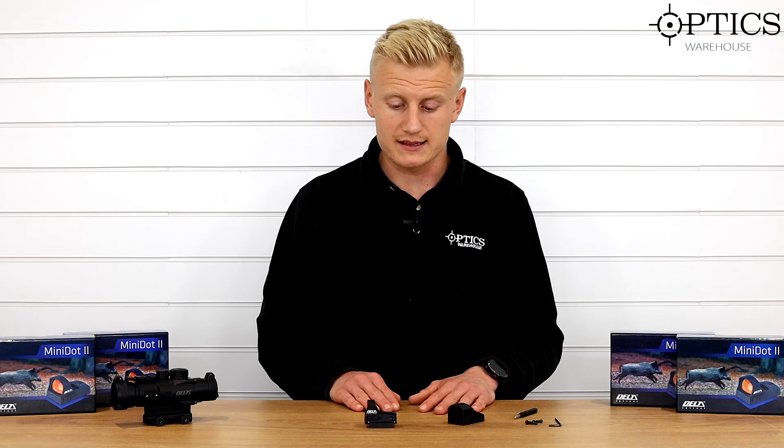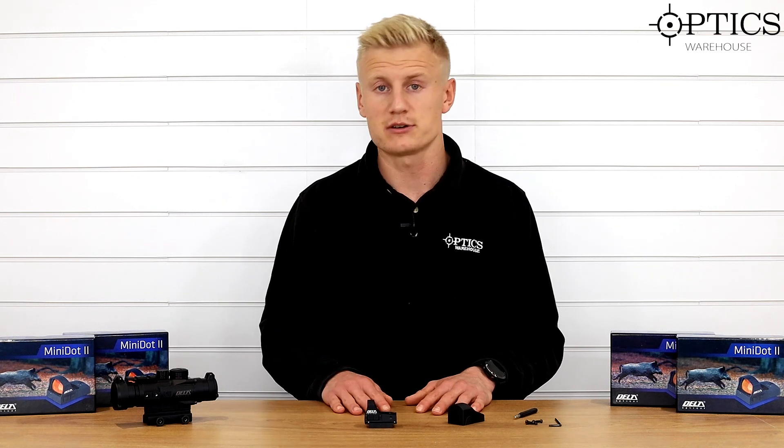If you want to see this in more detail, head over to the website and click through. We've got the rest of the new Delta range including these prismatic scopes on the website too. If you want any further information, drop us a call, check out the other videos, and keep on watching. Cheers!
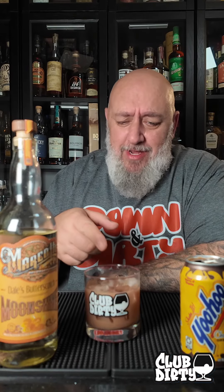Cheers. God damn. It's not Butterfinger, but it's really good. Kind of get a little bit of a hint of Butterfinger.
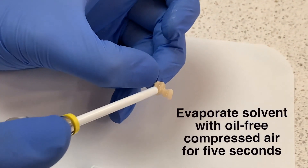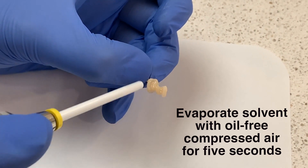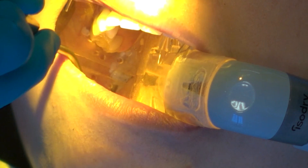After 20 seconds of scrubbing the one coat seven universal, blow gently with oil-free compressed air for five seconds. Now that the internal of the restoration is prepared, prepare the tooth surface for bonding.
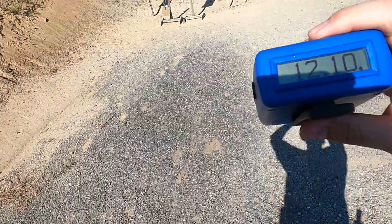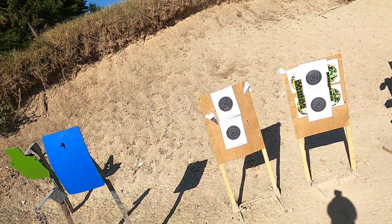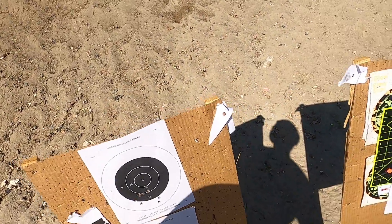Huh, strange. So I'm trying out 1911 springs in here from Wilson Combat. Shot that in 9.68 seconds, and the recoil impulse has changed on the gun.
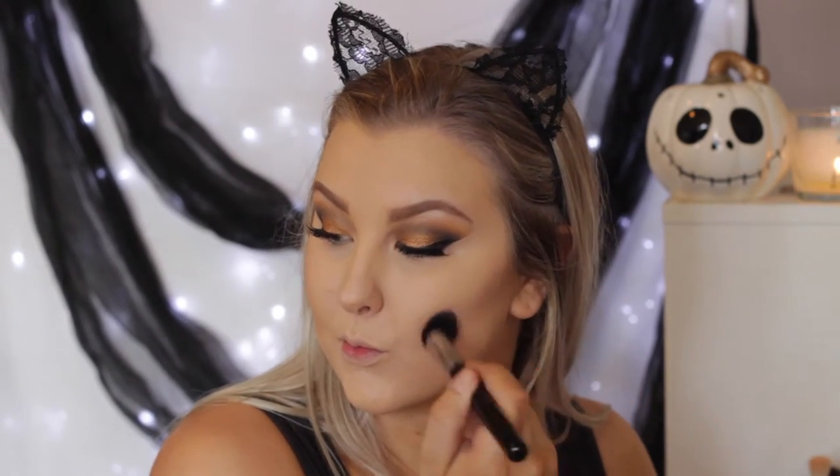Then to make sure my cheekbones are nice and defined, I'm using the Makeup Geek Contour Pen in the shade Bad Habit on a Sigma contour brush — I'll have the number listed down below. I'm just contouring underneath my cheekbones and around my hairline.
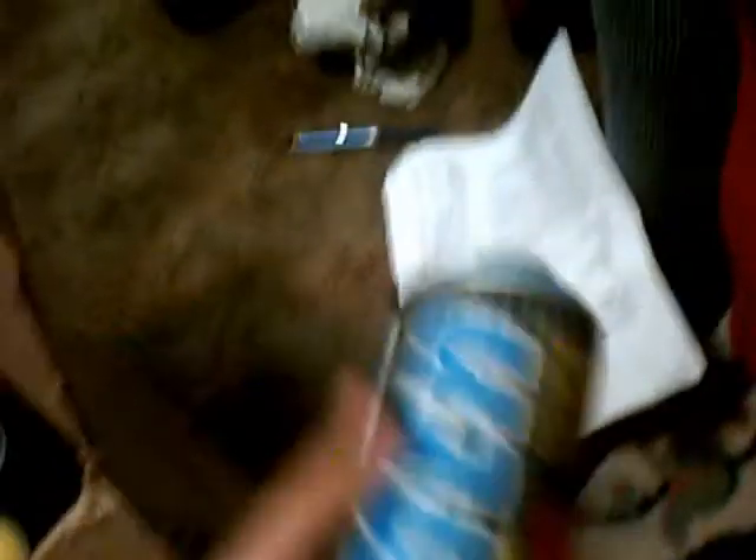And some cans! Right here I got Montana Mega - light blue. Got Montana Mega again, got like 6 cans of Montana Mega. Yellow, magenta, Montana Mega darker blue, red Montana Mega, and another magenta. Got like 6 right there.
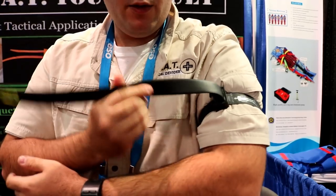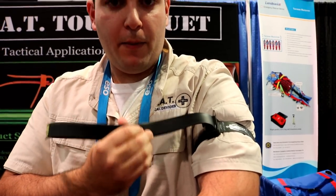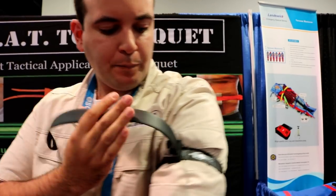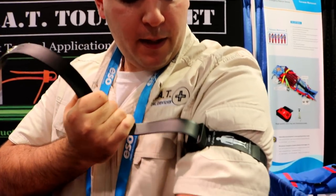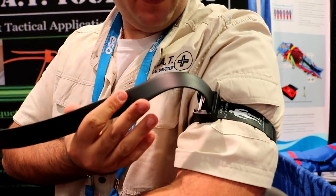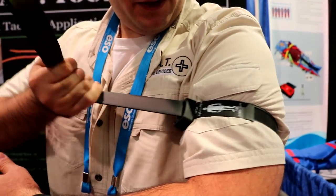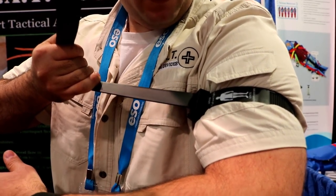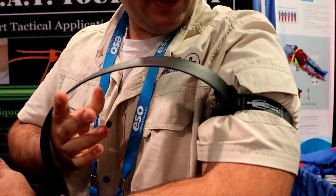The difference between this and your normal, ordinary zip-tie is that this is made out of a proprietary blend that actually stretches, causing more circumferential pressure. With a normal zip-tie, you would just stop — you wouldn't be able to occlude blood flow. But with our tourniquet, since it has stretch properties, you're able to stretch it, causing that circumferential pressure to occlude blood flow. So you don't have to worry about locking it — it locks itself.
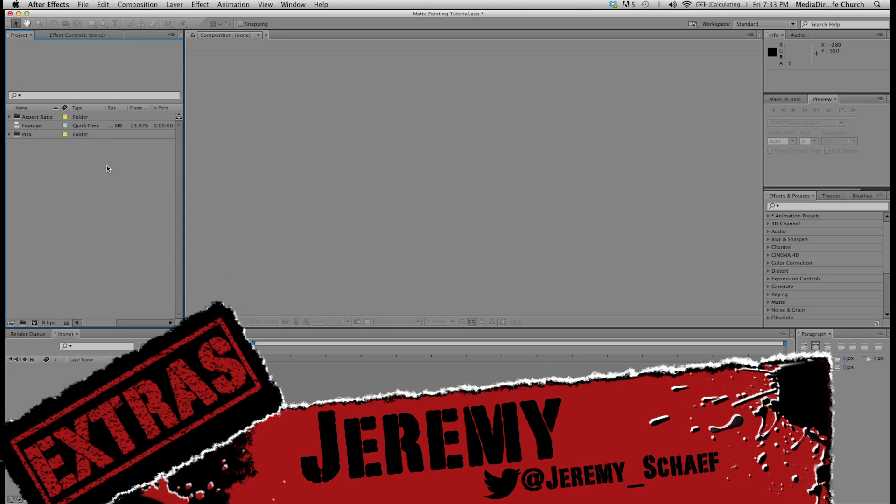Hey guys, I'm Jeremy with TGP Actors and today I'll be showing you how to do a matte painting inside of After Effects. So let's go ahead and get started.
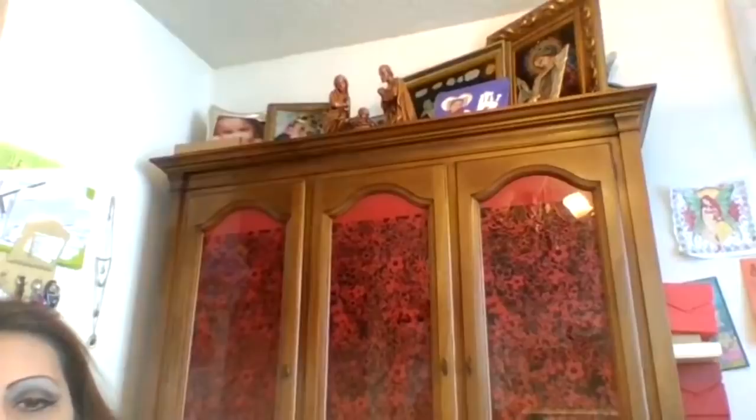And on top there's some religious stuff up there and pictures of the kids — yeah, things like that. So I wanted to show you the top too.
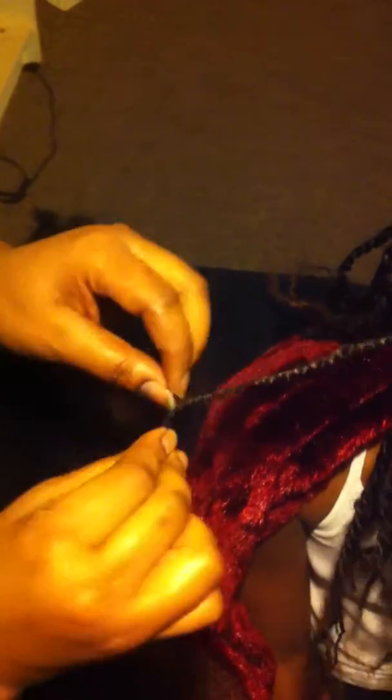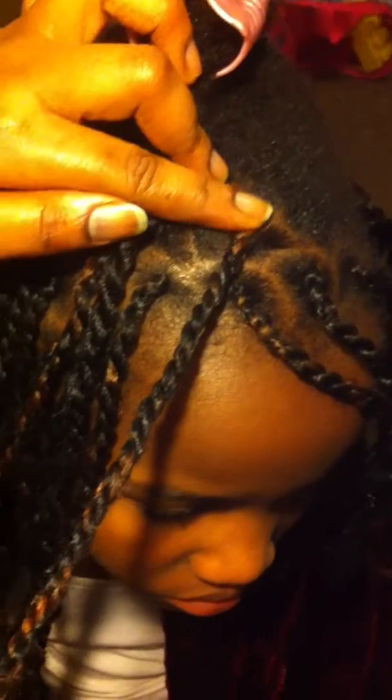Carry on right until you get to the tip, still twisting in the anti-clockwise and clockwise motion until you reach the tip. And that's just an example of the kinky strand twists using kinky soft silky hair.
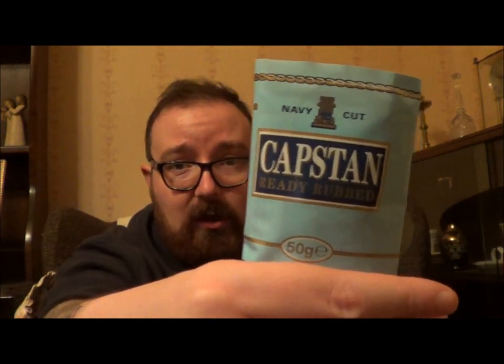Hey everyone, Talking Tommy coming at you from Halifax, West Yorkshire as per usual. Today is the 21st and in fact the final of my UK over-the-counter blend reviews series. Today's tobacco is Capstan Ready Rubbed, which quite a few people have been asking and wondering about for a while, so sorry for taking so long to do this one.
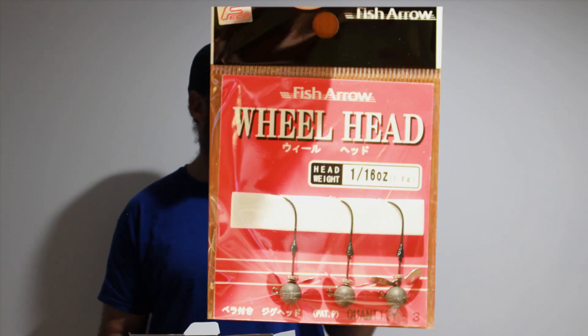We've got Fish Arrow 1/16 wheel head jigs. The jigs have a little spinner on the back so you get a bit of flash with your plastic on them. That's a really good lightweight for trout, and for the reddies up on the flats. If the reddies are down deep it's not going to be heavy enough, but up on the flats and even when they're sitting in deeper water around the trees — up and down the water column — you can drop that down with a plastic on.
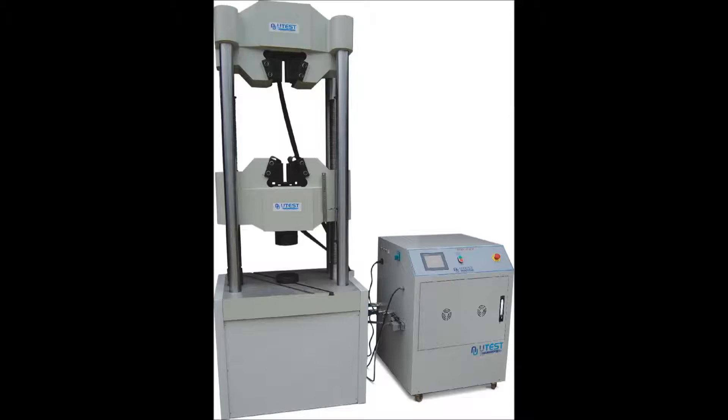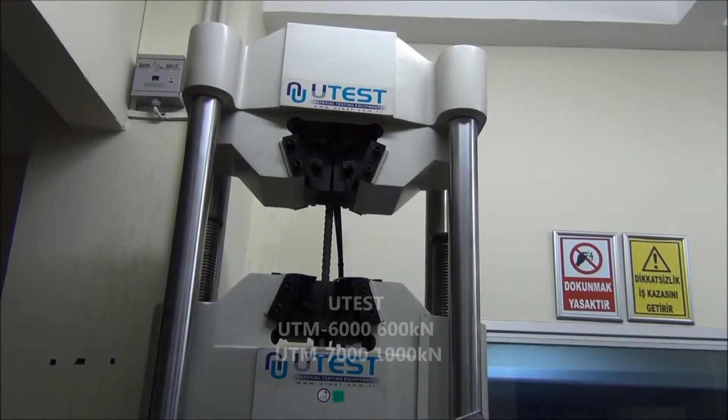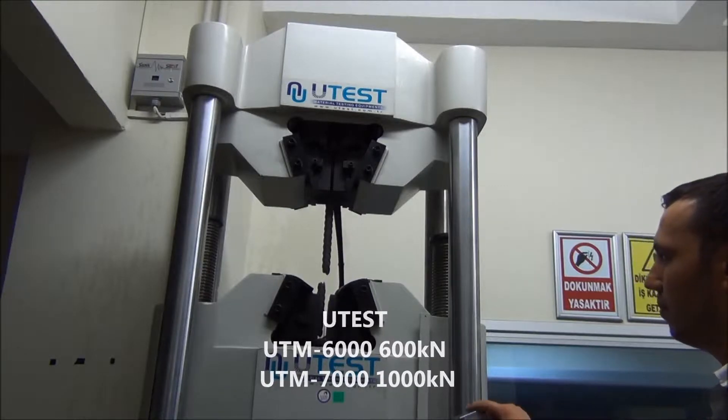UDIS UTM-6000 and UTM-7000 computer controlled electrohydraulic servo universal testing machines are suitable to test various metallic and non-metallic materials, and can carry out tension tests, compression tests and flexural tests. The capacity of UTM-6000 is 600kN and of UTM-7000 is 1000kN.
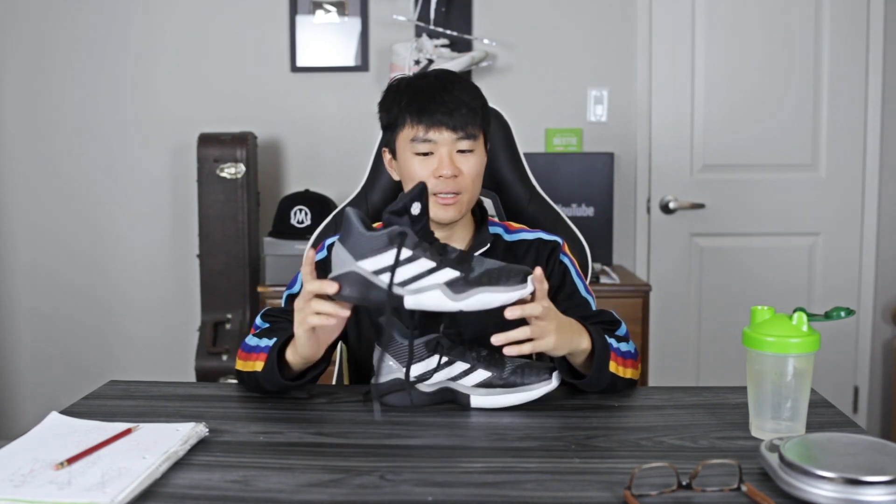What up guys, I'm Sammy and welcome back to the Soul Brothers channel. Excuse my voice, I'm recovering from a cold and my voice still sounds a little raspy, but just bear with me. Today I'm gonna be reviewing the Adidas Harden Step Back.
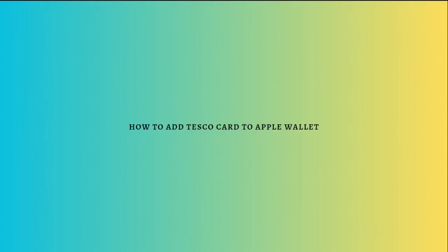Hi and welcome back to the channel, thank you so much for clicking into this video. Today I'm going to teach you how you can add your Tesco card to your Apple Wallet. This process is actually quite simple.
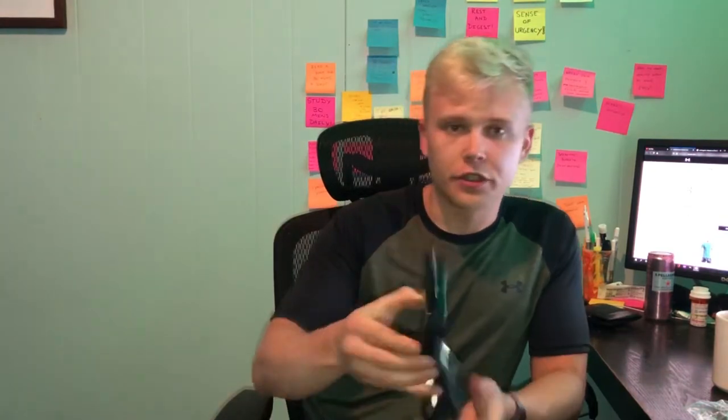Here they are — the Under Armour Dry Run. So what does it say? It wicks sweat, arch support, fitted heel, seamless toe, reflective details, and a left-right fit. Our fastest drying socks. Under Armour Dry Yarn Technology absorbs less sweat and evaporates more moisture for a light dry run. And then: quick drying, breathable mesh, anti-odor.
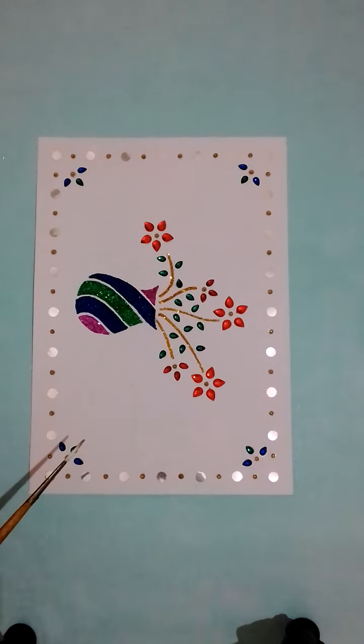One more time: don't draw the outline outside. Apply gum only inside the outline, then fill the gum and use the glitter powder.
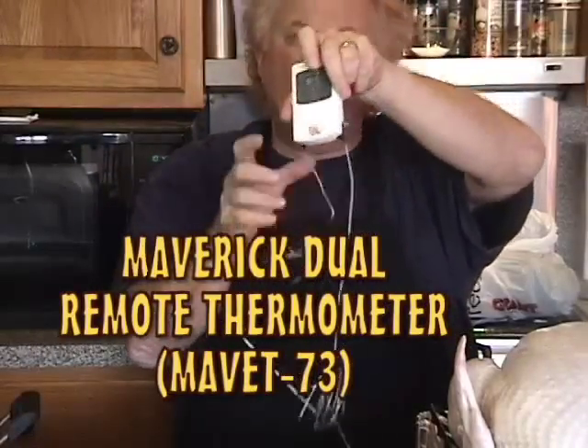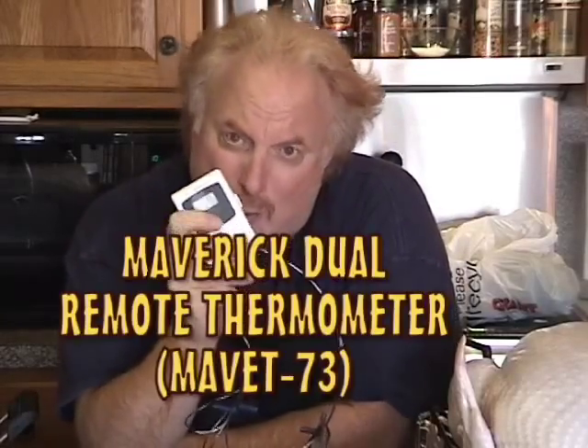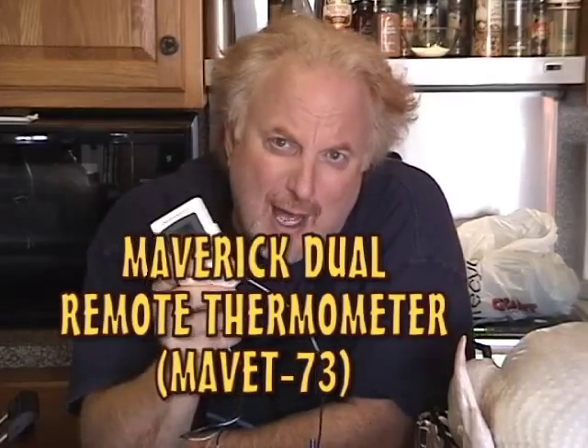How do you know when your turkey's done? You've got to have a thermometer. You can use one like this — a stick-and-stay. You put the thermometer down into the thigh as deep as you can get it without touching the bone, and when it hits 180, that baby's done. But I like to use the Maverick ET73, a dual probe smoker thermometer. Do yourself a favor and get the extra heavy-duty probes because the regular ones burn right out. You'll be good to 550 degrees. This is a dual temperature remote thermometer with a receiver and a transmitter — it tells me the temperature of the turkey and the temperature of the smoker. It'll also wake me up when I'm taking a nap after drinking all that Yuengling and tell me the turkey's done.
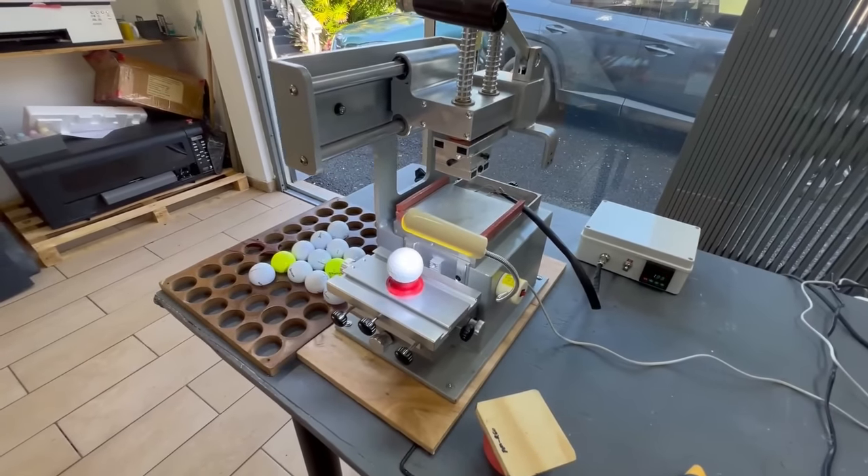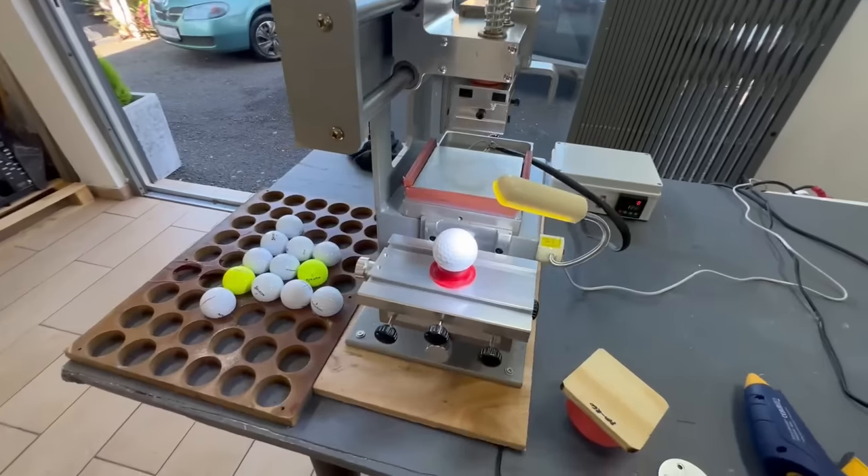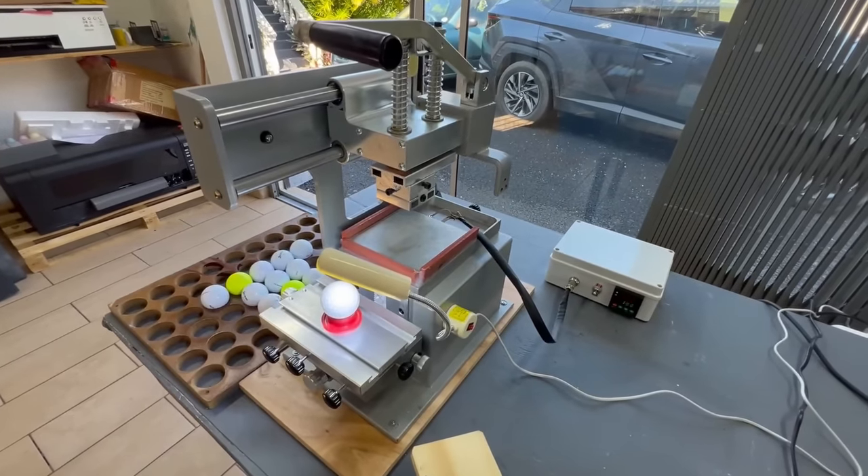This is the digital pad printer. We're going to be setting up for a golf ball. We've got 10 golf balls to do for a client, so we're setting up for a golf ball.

TASK TO CARRY OUT: Include the first line of the records, the line containing "Huh, strange. So", and every line between them, repeated exactly. Skip the pictures.

SOLUTION TO THE EXERCISE:
If you want to see this in more detail, head over to the website and click through. We've got the rest of the new Delta range including these prismatic scopes on the website too. If you want any further information, drop us a call, check out the other videos, and keep on watching. Cheers!
Cheers. God damn. It's not Butterfinger, but it's really good. Kind of get a little bit of a hint of Butterfinger.
After 20 seconds of scrubbing the one coat seven universal, blow gently with oil-free compressed air for five seconds. Now that the internal of the restoration is prepared, prepare the tooth surface for bonding.
Huh, strange. So I'm trying out 1911 springs in here from Wilson Combat. Shot that in 9.68 seconds, and the recoil impulse has changed on the gun.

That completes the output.